#### What the task asks:
Set down exactly the lines from the one containing "Modern Black and" to the final line of the records below, with every picture omitted.

#### Available records:
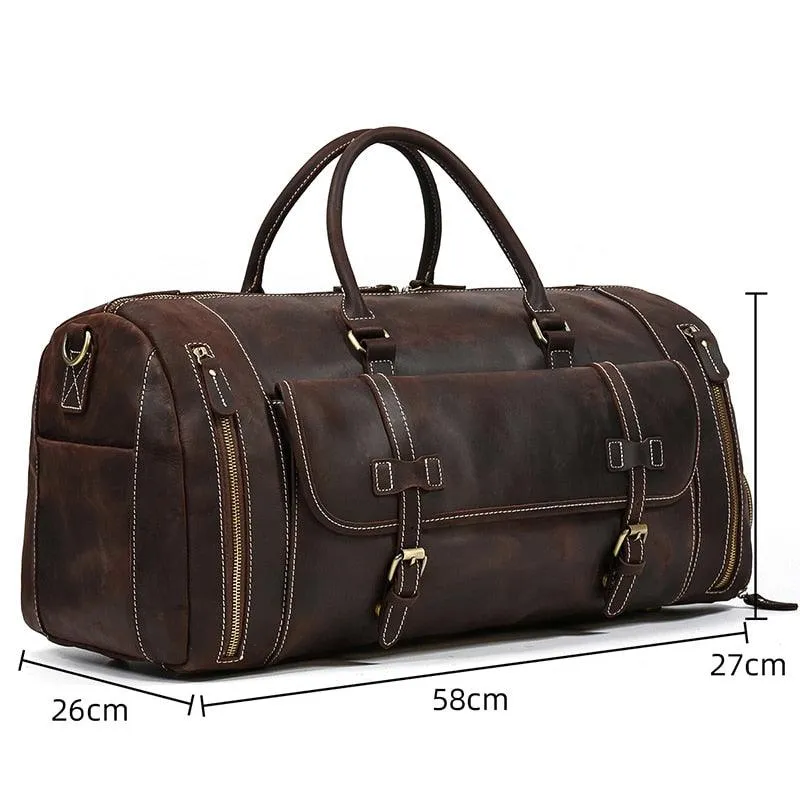 Hot Leather Travel Bag Vintage Leather Duffle Bag With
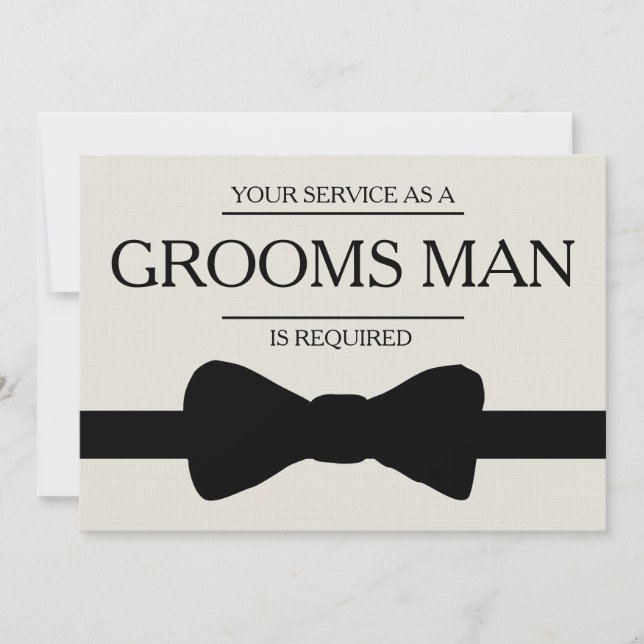 Your Service Is Requested as Best Man Groomsman Invitation (Front)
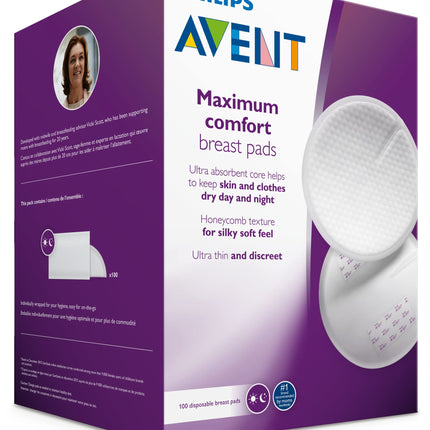 PHILIPS Avent Disposable Pads, 100Ct, Scf254/13, White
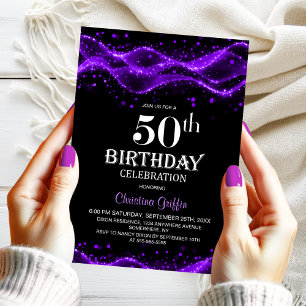 Modern Black and Purple 50th Birthday Party Invitation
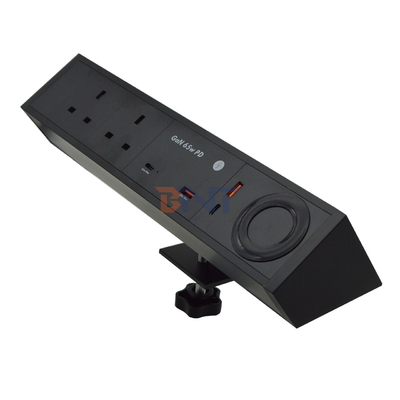 Multifunzionale 2 prese di corrente alternata doppia USB A + C UK 65W PD Fast Charge Desktop Clamp Socket Power Strip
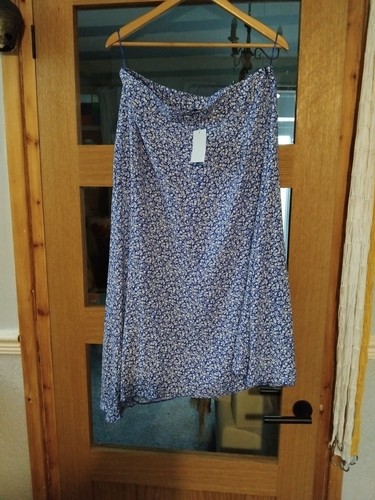 Ladies blue ditsy uneven - ladies,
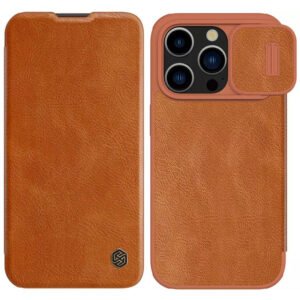 iPhone 15 Pro Max QIN Pro Series Flip Leather Case by NILLKIN - Brown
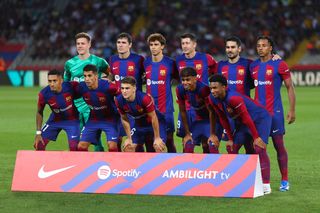  Barcelona players poses for the photo prior to the LaLiga EA Sports match between FC Barcelona and Sevilla FC at Estadi Olimpic Lluis Companys on September 29, 2023 in Barcelona, Spain. (Photo by Eric Alonso/Getty Images)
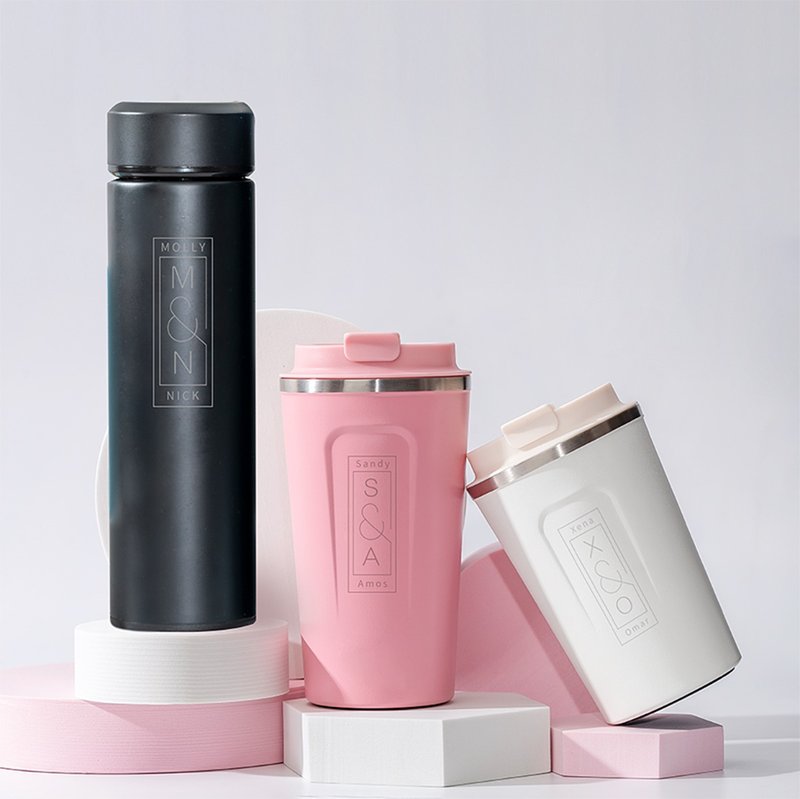 【Customized Gift】 Stainless Steel Vacuum Flask/ Customized English Name/ Thermos Cup/ 8 Types - กระบอกน้ำร้อน - สแตนเลส สีดำ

#### Response to the exercise:
 Modern Black and Purple 50th Birthday Party Invitation
 Multifunzionale 2 prese di corrente alternata doppia USB A + C UK 65W PD Fast Charge Desktop Clamp Socket Power Strip
 Ladies blue ditsy uneven - ladies,
 iPhone 15 Pro Max QIN Pro Series Flip Leather Case by NILLKIN - Brown
  Barcelona players poses for the photo prior to the LaLiga EA Sports match between FC Barcelona and Sevilla FC at Estadi Olimpic Lluis Companys on September 29, 2023 in Barcelona, Spain. (Photo by Eric Alonso/Getty Images)
 【Customized Gift】 Stainless Steel Vacuum Flask/ Customized English Name/ Thermos Cup/ 8 Types - กระบอกน้ำร้อน - สแตนเลส สีดำ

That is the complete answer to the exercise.